* _Instructions for the task_:
Copy exactly the lines of the data below, beginning with the line with "Monument 5-Light Brushed" and ending with the line with "foto del prodotto". Pictures are to be omitted.

**********

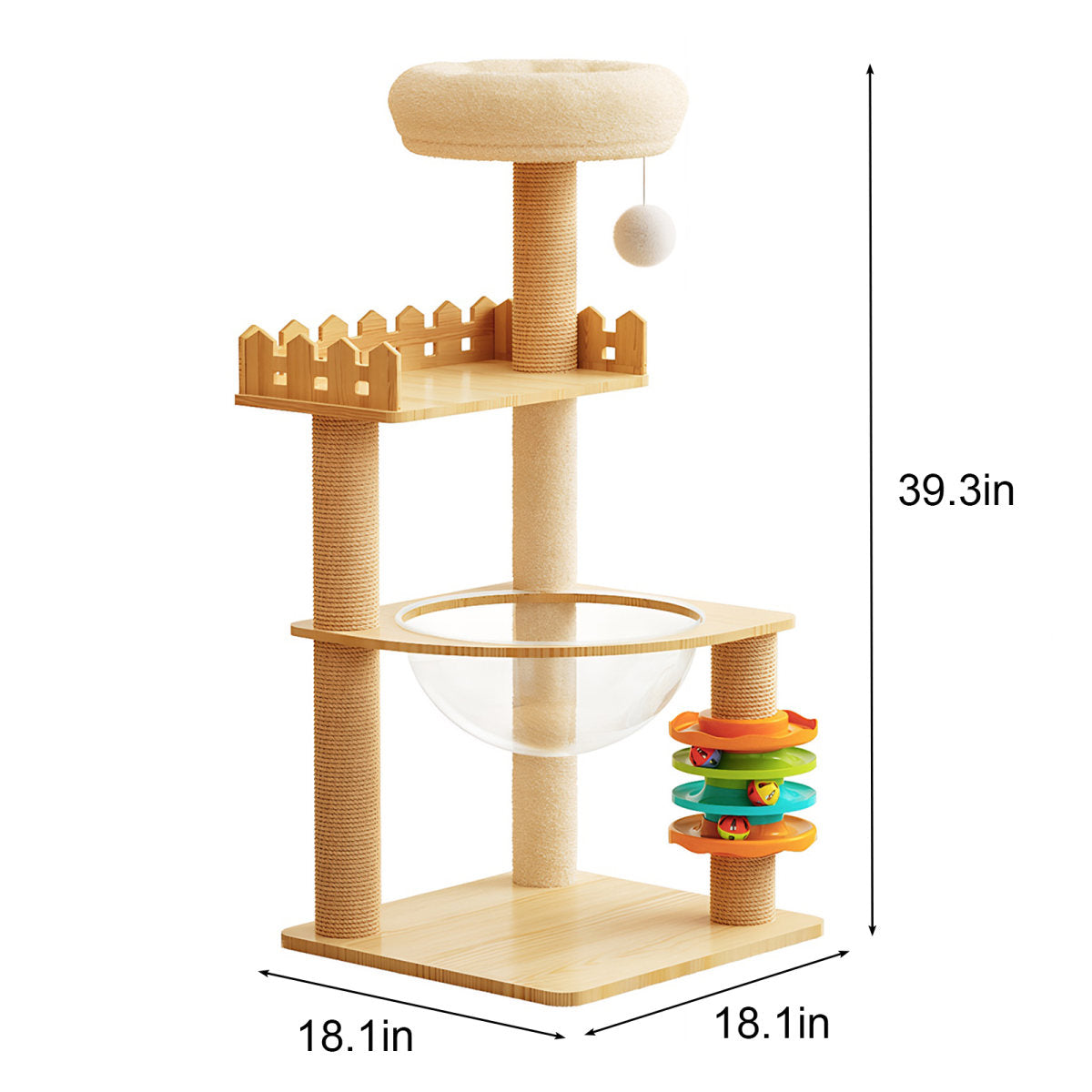 39.3 Modern Cat Tower, Wood Cat Tree Tower For Indoor Cats, Cat Treewith Sisal-Covered Scratching Posts And Top Perch, Cat Condo With Acrylic Hammock And Toys For Small Large Cats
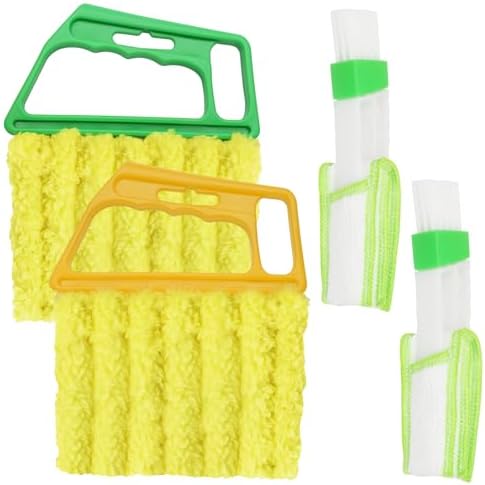 4 Pcs Blind Duster Kit, 7-Finger & Vent Tools, Yellow+Green - Image 7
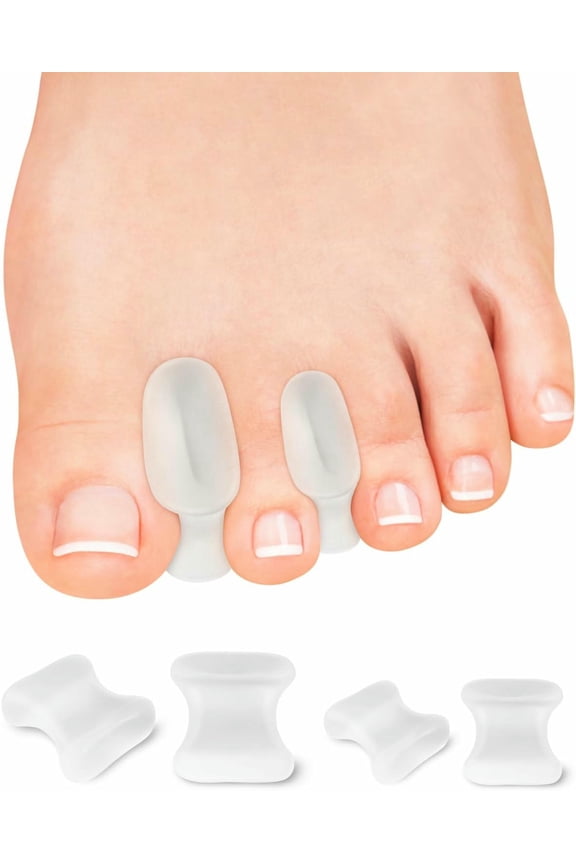 12 Pack Gel Toe Separators, Bunion Toe Spacers with 2 Sizes for Women Men Toe Pain Relief, Soft Silicone Toe Spacer for Crooked Toes, Overlapping Toes, Hammertoe Corrector(6L+6S)
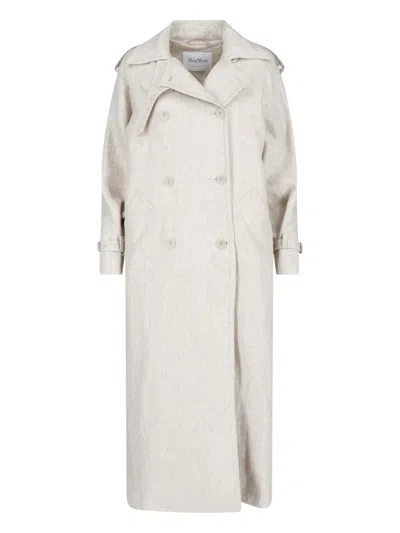 Max Mara Double-breasted Linen Trench Coat In Neutral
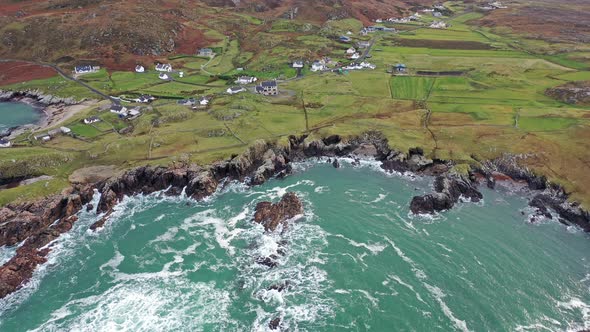Aerial View of the Rosguil Pensinsula By Doagh - Donegal, Ireland
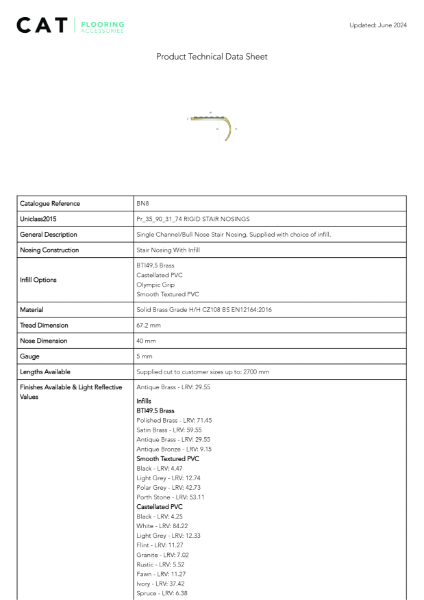 BN8 Antique Brass Technical Data Sheet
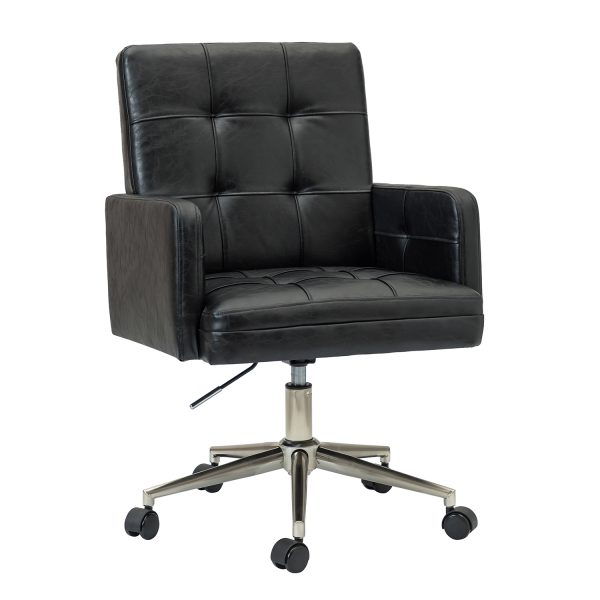 Joseph Black Faux Leather Button Tufted Ergonomic Adjustable Task Chair 1 1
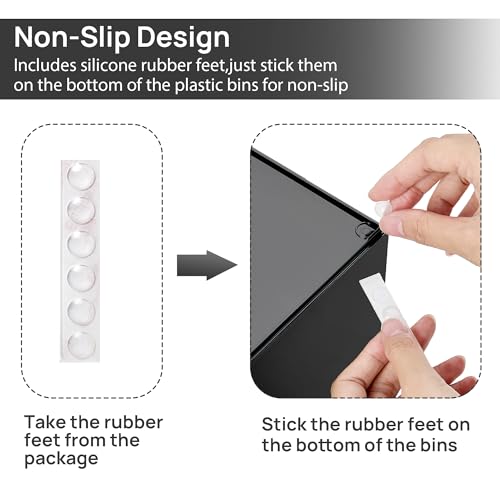 Black Small Stackable Storage Drawers for Cologne Organizer (Small-4pack-Black)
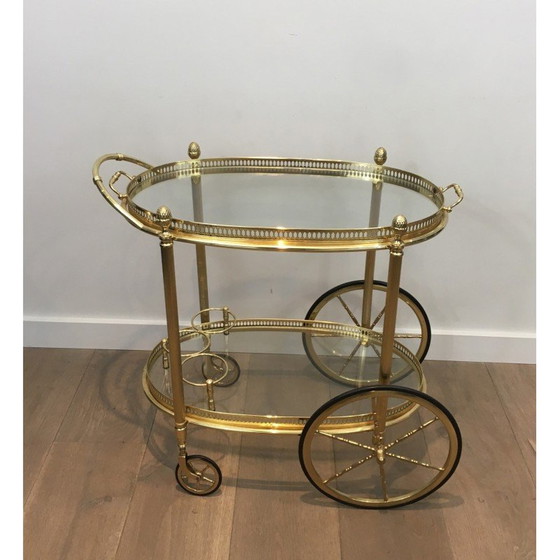 Image 1 of Vintage oval brass rolling table by Maison Baguès, 1940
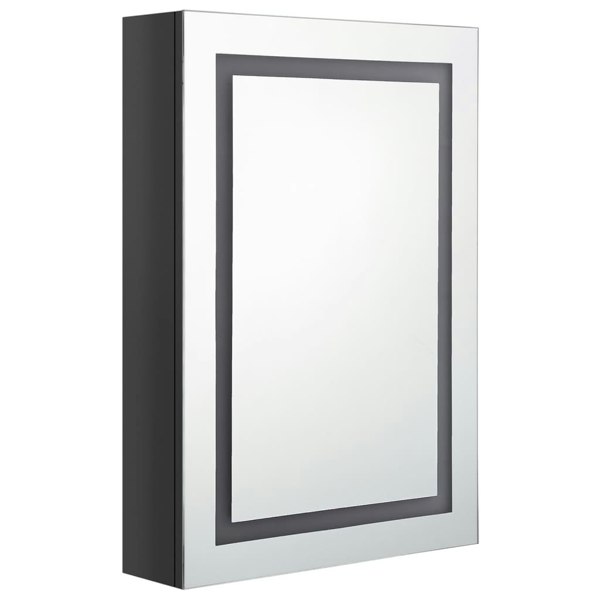 Berkfield LED Bathroom Mirror Cabinet Shining Black 50x13x70 cm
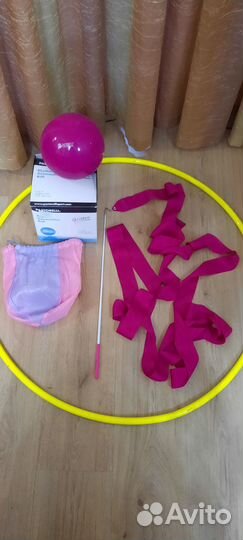 Мяч 18 см,обруч,лента для гимнастики Pastorelli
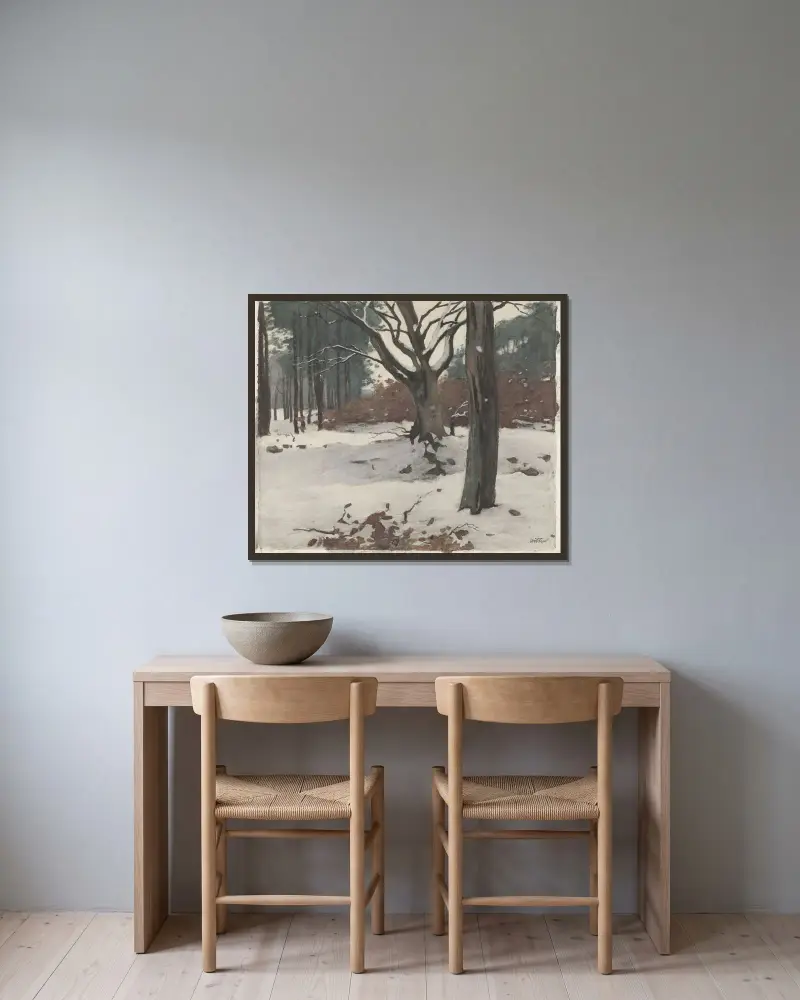 Träd i snö av Willem Witsen inramad på en vägg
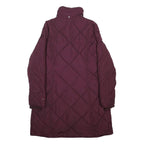 TOMMY HILFIGER Womens Maroon Quilt Jacket L Polyester Diamond Pattern Long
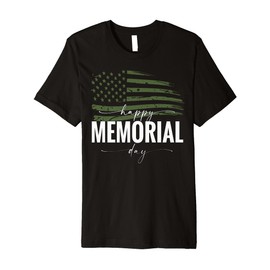 Happy Memorial Day Shirt USA Flag American Patriotic Premium T-Shirt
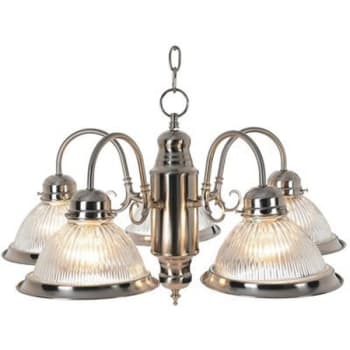 Monument 5-Light Brushed Nickel Chandelier With Clear Glass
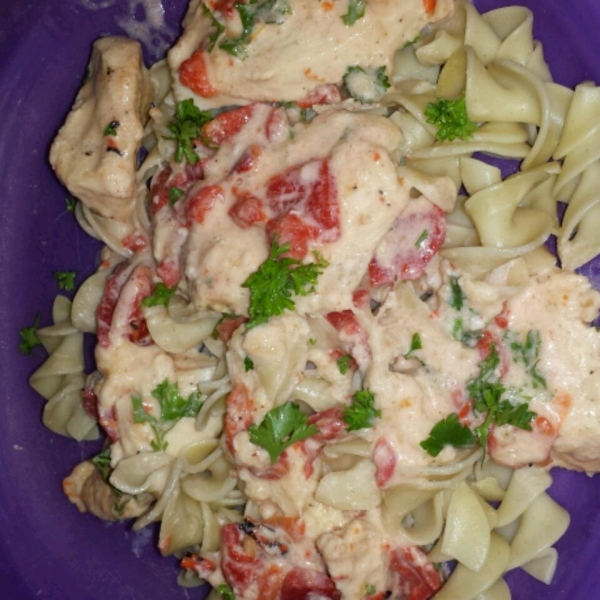 Pasta with Chicken and Roasted Pepper Cream Sauce (Lighter)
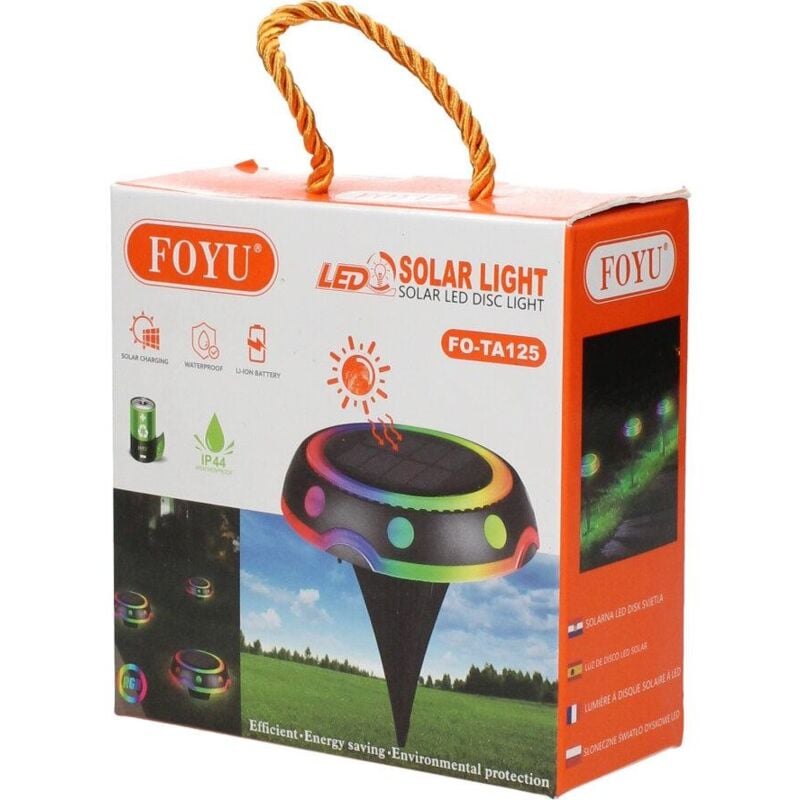foto del prodotto lampada faretto solare led da giardino rgb con pannello solare da decoro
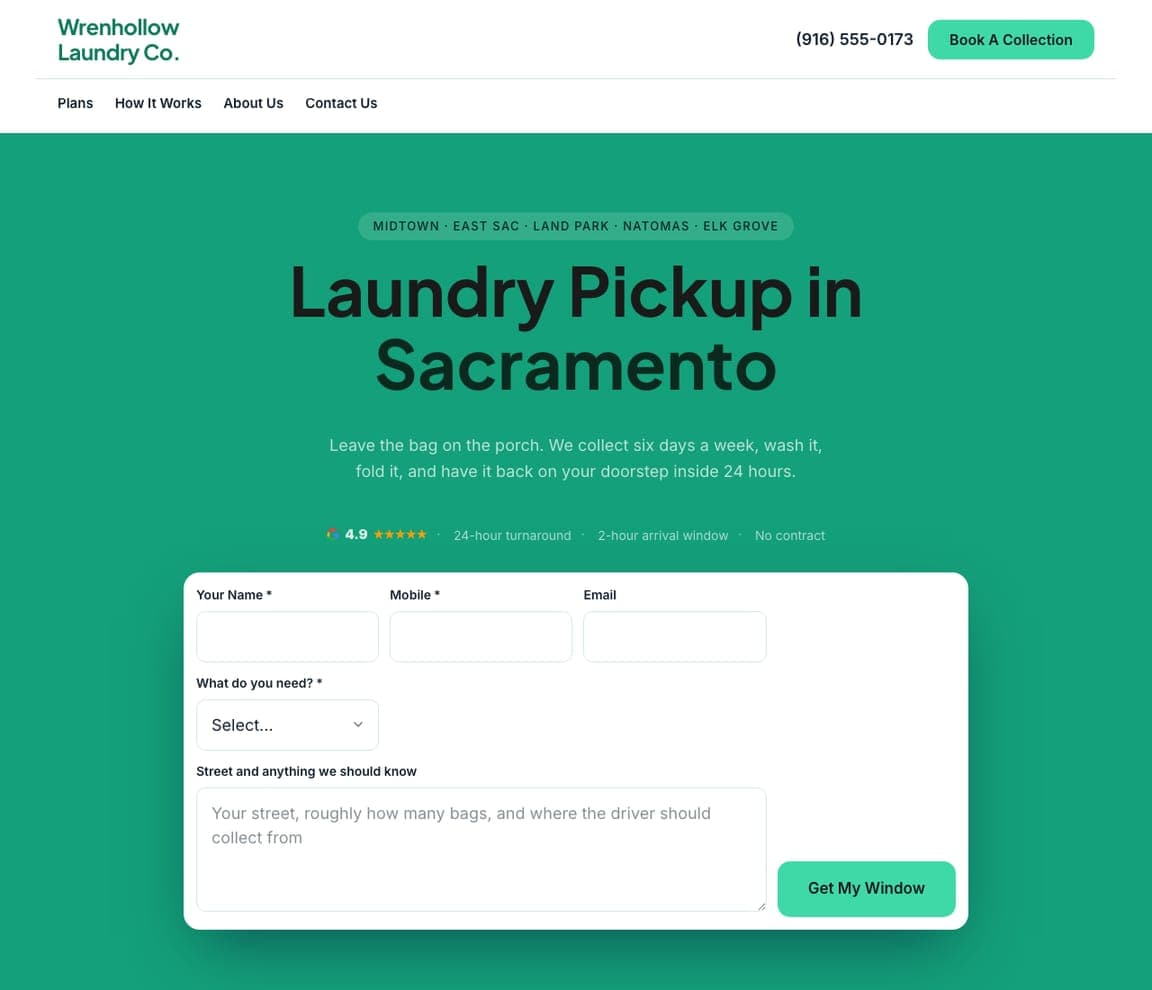 Wrenhollow Laundry Co. — Pickup & Delivery website design you can build with Zarla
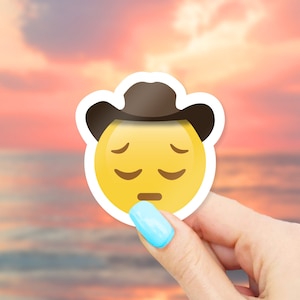 Sad Cowboy Emoji Sticker - MacBook stickers | laptop stickers | waterbottle stickers | hydroflask stickers | tumbler stickers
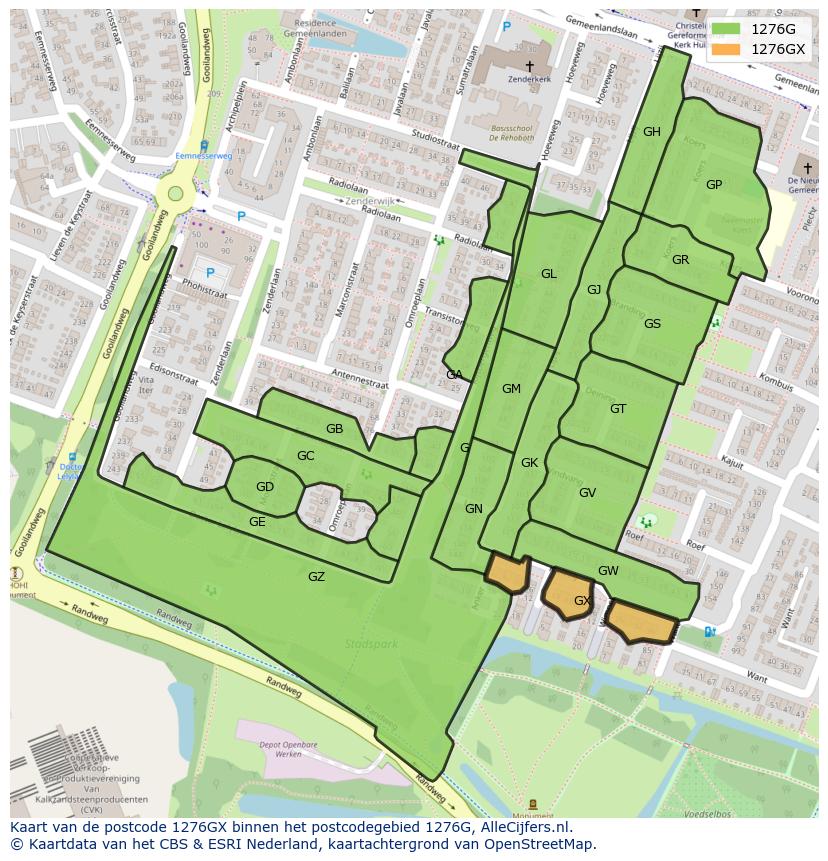 Afbeelding van het postcodegebied 1276 GX op de kaart.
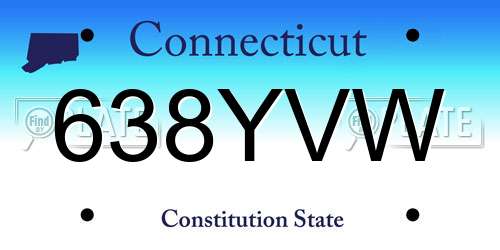 638YVW Connecticut License Plate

**********

* _Answer space_:
 Monument 5-Light Brushed Nickel Chandelier With Clear Glass
 Pasta with Chicken and Roasted Pepper Cream Sauce (Lighter)
foto del prodotto lampada faretto solare led da giardino rgb con pannello solare da decoro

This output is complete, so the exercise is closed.